Quando il tempo inciampa
sui colori di un’altalena
e rimbalza e torna
sotto un’ombra di meridiana,
passa, insieme al cielo,
un’idea di pioggia
e un attimo di folaghe
in un senso di lontano.
E allora, intorno al mondo,
gira, sola, una ninna nanna,
ninna nanna senza sonno,
girotondo di albe e sere;
ninna nanna di un momento,
girotondo a mezzogiorno.
Ninna nanna, chissà dove…
Quando il tempo indugia
sulle insegne con tante stelle
e si spegne dentro
la risacca dell’universo,
lascio in ogni rosa
una mia domenica
di baci e di giocattoli
in un canto di domande.
C’è sempre bisogno di tregue. I giorni estremi ci avvicinano ai confini dell’impossibile e ci fanno percepire il limite delle nostre forze e delle illusioni consolatorie. Allora cresce in noi il bisogno di una tregua che possa trasformare il mondo in una culla, in una pace sospesa senza inizio e fine, in un pianeta che vaga nell’universo toccando casualmente incroci di giorni e di stelle, che accarezza con la certezza del mistero, che fa rimbalzare il tempo sui segni del bene. Per amare abbiamo bisogno di volare senza fatica e senza la necessità di un perché come sui colori di un’altalena. La tregua può essere una rosa dove lasciare gli abbracci, i giocattoli e le domande. La tregua può essere una ninna nanna senza sonno che non si sa dove nasce, dov’è e dove va, ma che infonde, come succede tra mamma e bambino, la fiducia di abbandonarci a occhi chiusi in un divenire delicato che intona il mezzogiorno di un presente migliore.

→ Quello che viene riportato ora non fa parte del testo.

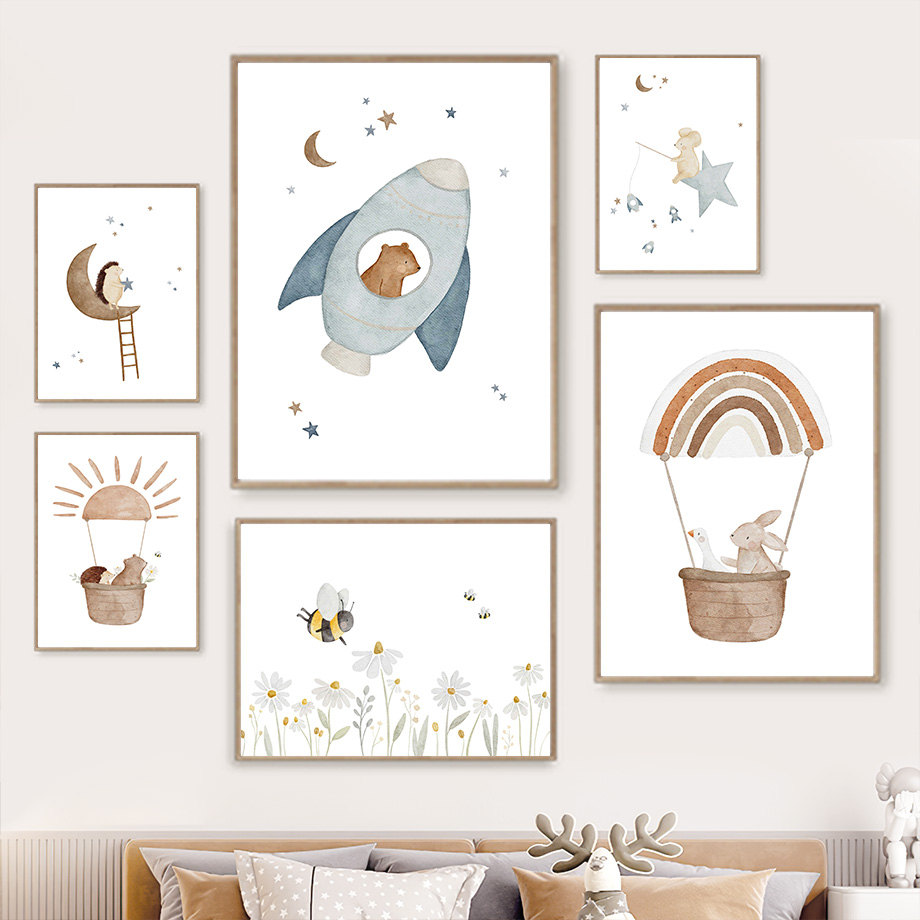 Baby Nursery Animal Prints - Zwierzęta kreskówkowe Mural artystyczny ścienny królik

Le strofe in modo maggiore preludono a due ritornelli giocosi, vagamente vivaci e che rinforzano via via anche la sonorità del coro perché questa è una ninna nanna che non vuole chiamare il sonno, ma solo un’imprecisa felicità. Leggeri contrappunti su brevi sorprese armoniche creano un senso di danza sospesa.
Come ho avuto modo di illustrare nell’intervista, ogni canto può nascere in modo diverso. Trattandosi di una ninna nanna, si è indotti a pensare che il canto sia funzionale al sonno. Non si tratta di cliché alla moda: se si vuole far addormentare la piccola creatura, si deve cantare sottovoce, forse anche con misurate dissonanze, sicuramente con un andamento calmo, senza sussulti e guizzi improvvisi che otterrebbero l’effetto contrario all’addormentamento. Sicuramente sarebbe più che sufficiente una monodia.
In questo caso però si tratta di una ninna nanna speciale, “senza sonno”. Quest’ultimo pensiero, e lo si potrà vedere dopo la pubblicazione del canto, mi ha fatto sentire più libero e mi ha fatto seguire una strada meno confinata in aree limitate. Ho mantenuto un tempo di 6/8 che si addice al dondolio di una culla ma, dalle strofe descrittive, sono passato a due ritornelli più vivaci, con semplici rimandi contrappuntisti che giocano con le parole “ninna nanna”. Spero così di aver ottenuto una giusta miscela di vivacità e dolcezza, di leggerezza e dinamismo con lo scopo di cantare la speranza delle tregue che non sono necessariamente riposo inerte, ma soprattutto voglia di volare. In alcuni momenti l’incedere armonico mi suggeriva di sfruttare dei cromatismi piuttosto avvincenti, ma che ho preferito attenuare in nome di una sobrietà che più mi si addice.
La chiusura, secondo una formula che mi piace usare, si basa su un brevissimo richiamo del ritornello seguito dall’incipit del canto.